— MATERIAL FOR THE TASK —
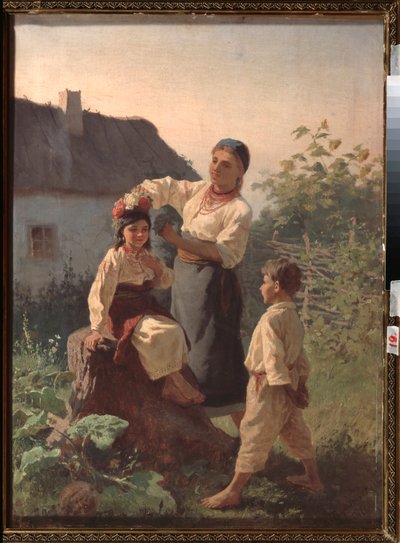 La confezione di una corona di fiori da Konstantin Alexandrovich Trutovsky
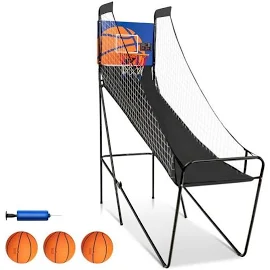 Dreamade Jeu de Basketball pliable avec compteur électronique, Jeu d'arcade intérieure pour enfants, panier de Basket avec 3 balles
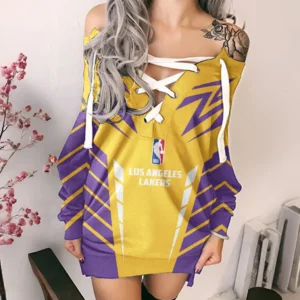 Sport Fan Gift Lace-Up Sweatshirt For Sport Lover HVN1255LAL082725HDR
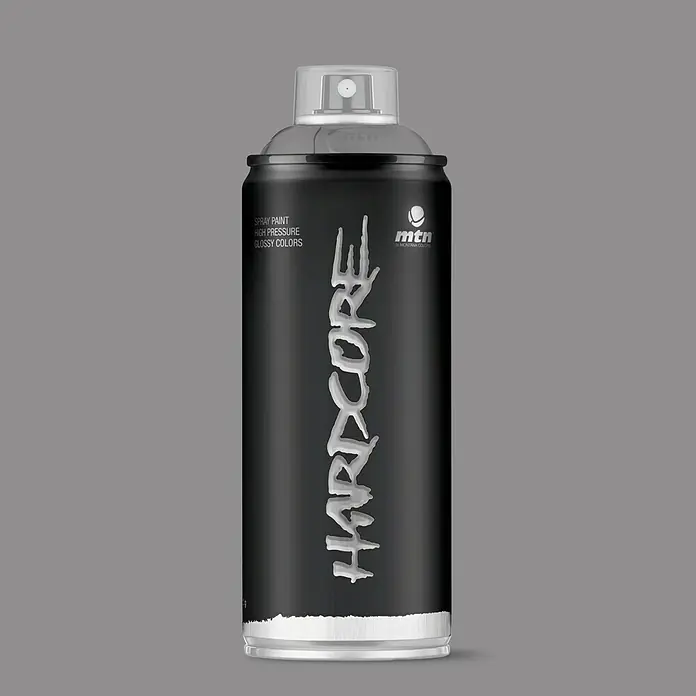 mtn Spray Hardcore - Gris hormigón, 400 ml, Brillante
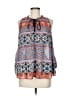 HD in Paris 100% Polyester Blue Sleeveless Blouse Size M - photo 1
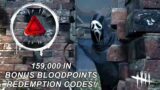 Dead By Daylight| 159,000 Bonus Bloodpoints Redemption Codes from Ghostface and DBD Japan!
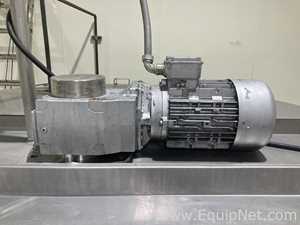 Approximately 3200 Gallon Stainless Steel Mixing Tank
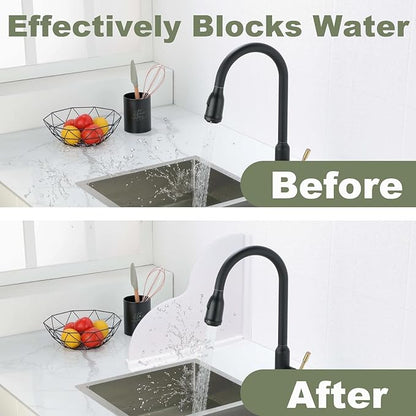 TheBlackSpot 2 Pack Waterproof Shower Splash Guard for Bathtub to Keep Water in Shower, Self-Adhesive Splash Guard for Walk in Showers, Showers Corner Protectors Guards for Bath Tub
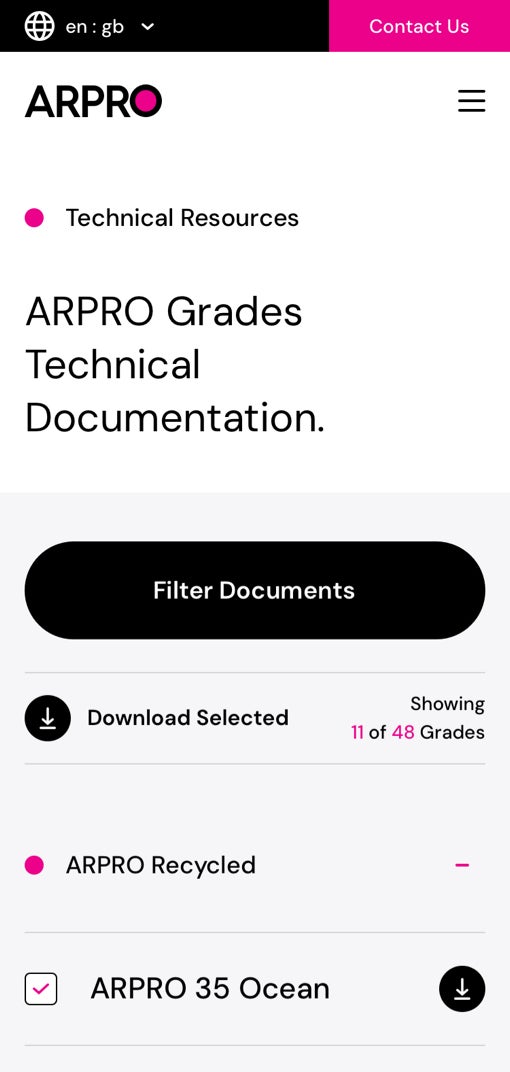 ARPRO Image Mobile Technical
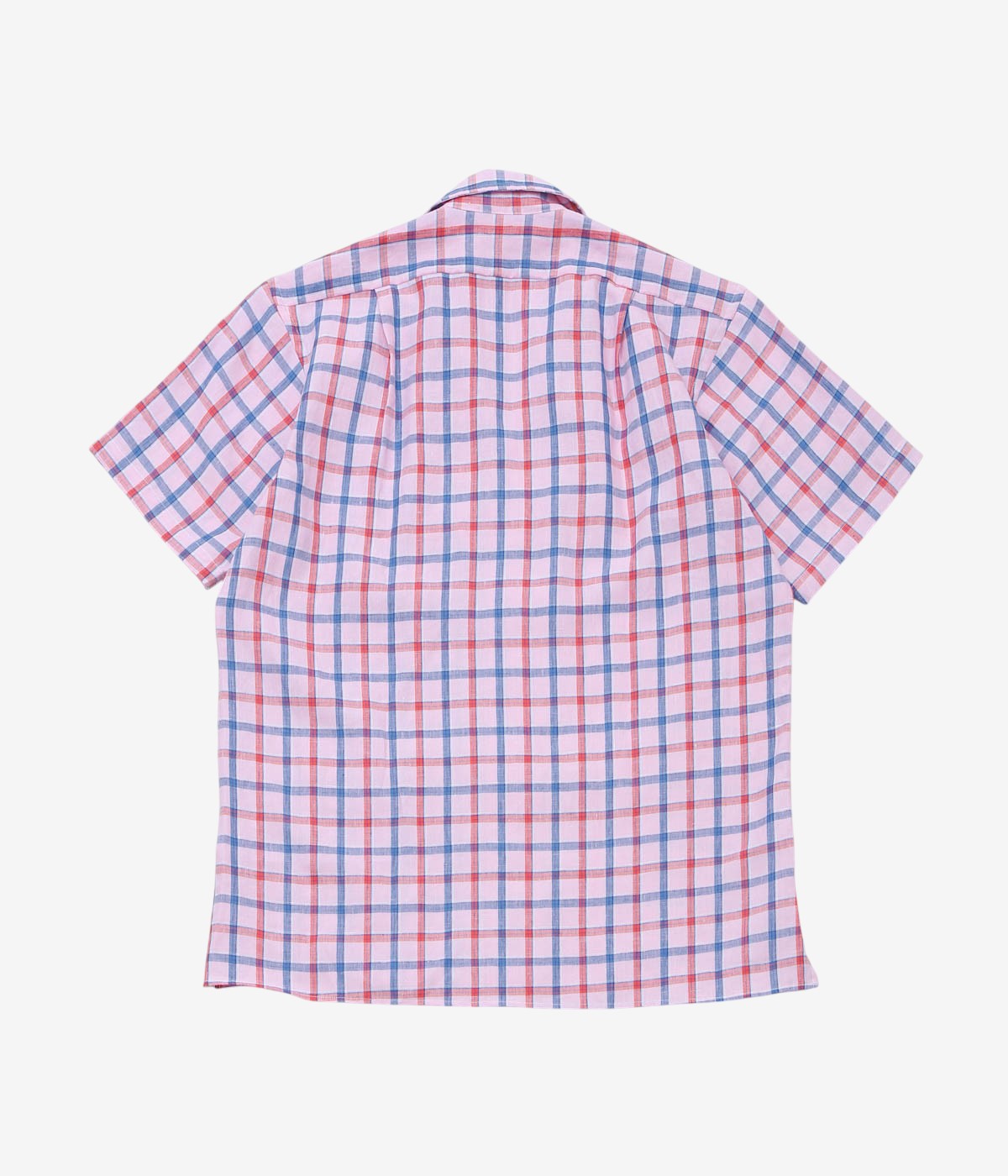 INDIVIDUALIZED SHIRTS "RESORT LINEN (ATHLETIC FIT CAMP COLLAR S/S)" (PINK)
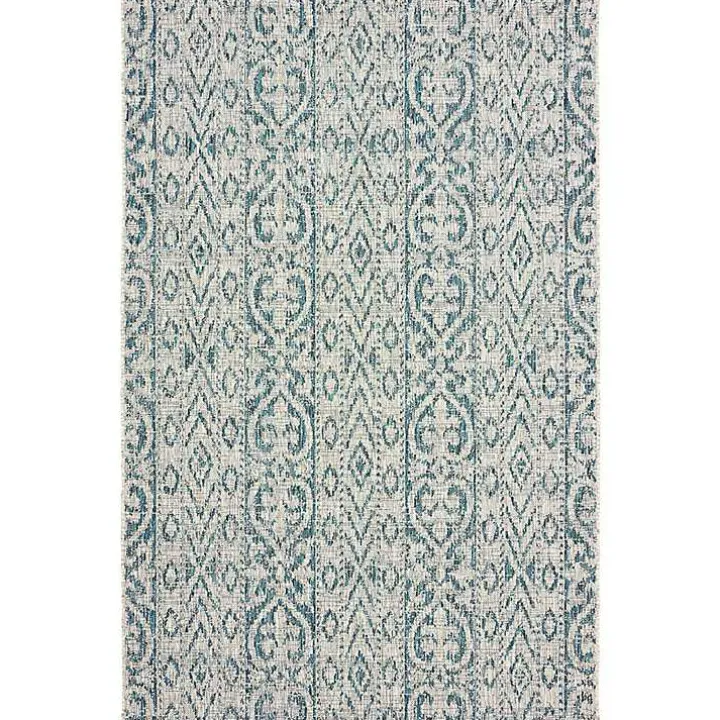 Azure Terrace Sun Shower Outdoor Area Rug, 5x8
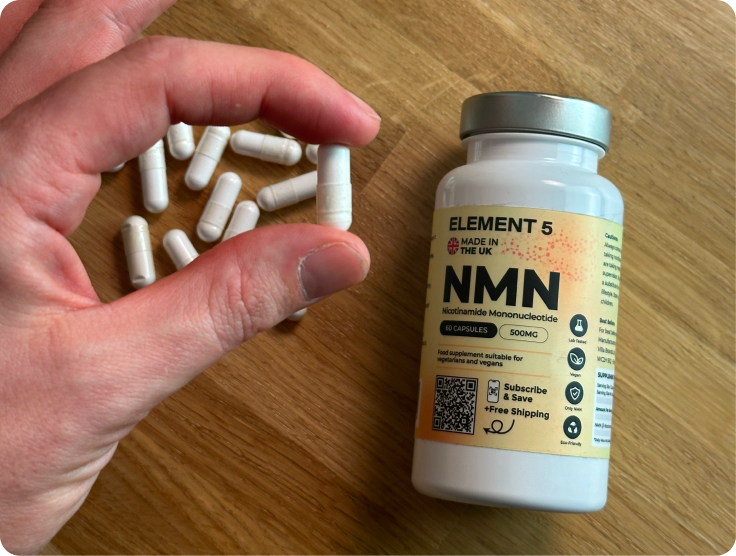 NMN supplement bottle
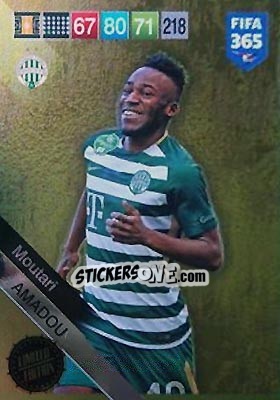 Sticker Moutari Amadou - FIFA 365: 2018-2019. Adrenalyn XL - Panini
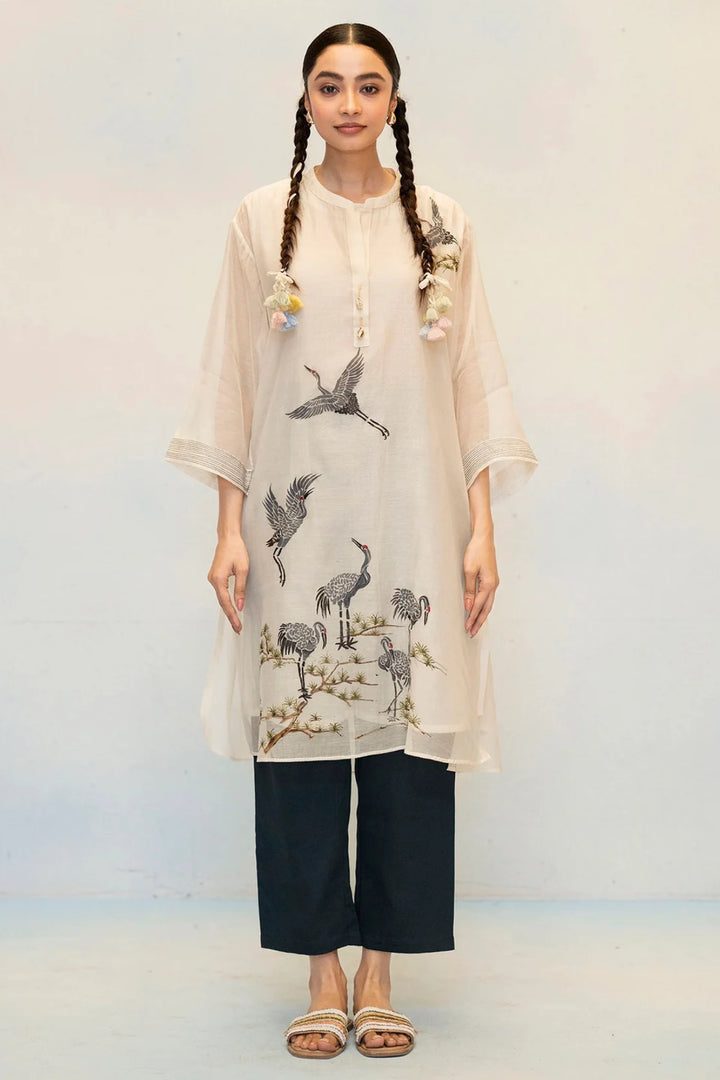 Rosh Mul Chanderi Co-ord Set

— REQUIRED ACTION —
Pictures excluded, give again exactly and only the lines of the material above from the line with "HD in Paris" through the line with "Azure Terrace Sun".

— RESPONSE —
 HD in Paris 100% Polyester Blue Sleeveless Blouse Size M - photo 1
 Dead By Daylight| 159,000 Bonus Bloodpoints Redemption Codes from Ghostface and DBD Japan!
 Approximately 3200 Gallon Stainless Steel Mixing Tank
 TheBlackSpot 2 Pack Waterproof Shower Splash Guard for Bathtub to Keep Water in Shower, Self-Adhesive Splash Guard for Walk in Showers, Showers Corner Protectors Guards for Bath Tub
 ARPRO Image Mobile Technical
 INDIVIDUALIZED SHIRTS "RESORT LINEN (ATHLETIC FIT CAMP COLLAR S/S)" (PINK)
 Azure Terrace Sun Shower Outdoor Area Rug, 5x8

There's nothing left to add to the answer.